Fast forward to two days after Christmas. We'd had another family over and were all hanging out, playing games and having some drinks. H passes out and my curiosity gets the better of me and I check his phone because I'm still paranoid from the last time. Come to find out he has an encrypted facebook conversation with a different coworker, one that's 12 years younger than him, has a child and is recently or still in the process of getting divorced and someone he trained at work.

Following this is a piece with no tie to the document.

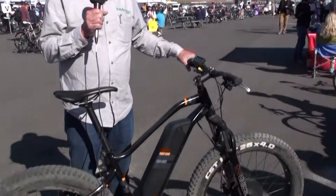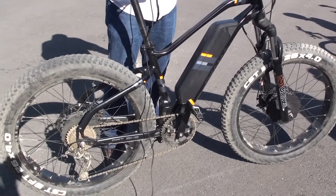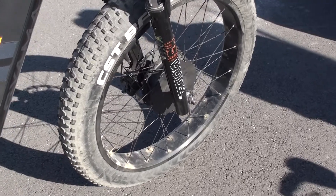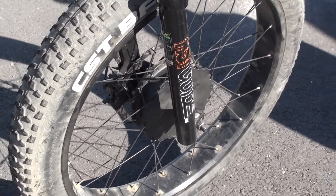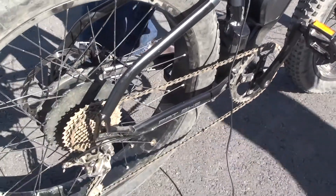What we have here in front of us today is not just any fat bike and it's not just any electric fat bike. It is a dual drive fat bike with two Mack motors that produce 1,000 watts each.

Sent her a few messages pretending to be him, she calls him baby, tells me about how she's lying in bed thinking about him.. same old story. I confront him, he says they're just friends but he cares about her. She says she's in love with him, he says he's not in love with her. I don't even know now how it happened but we agreed to try to work through things and see if we can get past everything, he says he will cut off all contact with her outside of work (they're on the same shift, because of course they are). I pour my heart and soul into trying to get things to work, being what he needs and still holding down everything with the house, he doesn't show the same effort. I drive myself crazy every single day trying to find out what he's doing or who he's talking to and we fight and I cry for two months.

Long story short I find out he never cut off contact, he just hid it better. He took off work for Valentine's Day (I will now forever hate this holiday) and spent it with her, though he claims they still haven't had sex. That same day I had written out a long love note to him, telling him all the things I love about him and how I want them forever.

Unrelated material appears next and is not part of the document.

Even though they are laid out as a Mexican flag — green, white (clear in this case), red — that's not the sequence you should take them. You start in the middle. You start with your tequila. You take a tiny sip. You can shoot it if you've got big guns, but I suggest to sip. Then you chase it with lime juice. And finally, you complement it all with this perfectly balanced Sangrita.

Right now we are "separated" which I put in quotes because we are still living under the same roof. I don't have anywhere to go to take the kids and he still hasn't told his family what is going on in order to be able to stay with one of them. He keeps telling me he doesn't know what he wants (to stay together or divorce) and foolishly I still want to be together. We've been together since I was 19, he's all I've ever known. I lost all of my friends over the years so he is 1/3 of my entire world. Everything we own is stuff we bought together, things to make our life together and a life for our children.

We had another long talk last night about the future and he says he still doesn't know what he wants. That we have been so unhappy together for so long (and he's right, we haven't been in a good place for at least a couple of years, partly due to my untreated depression and anxiety which I have now sought treatment for) that he's not sure he can ever get past the resentment that he's carrying for me.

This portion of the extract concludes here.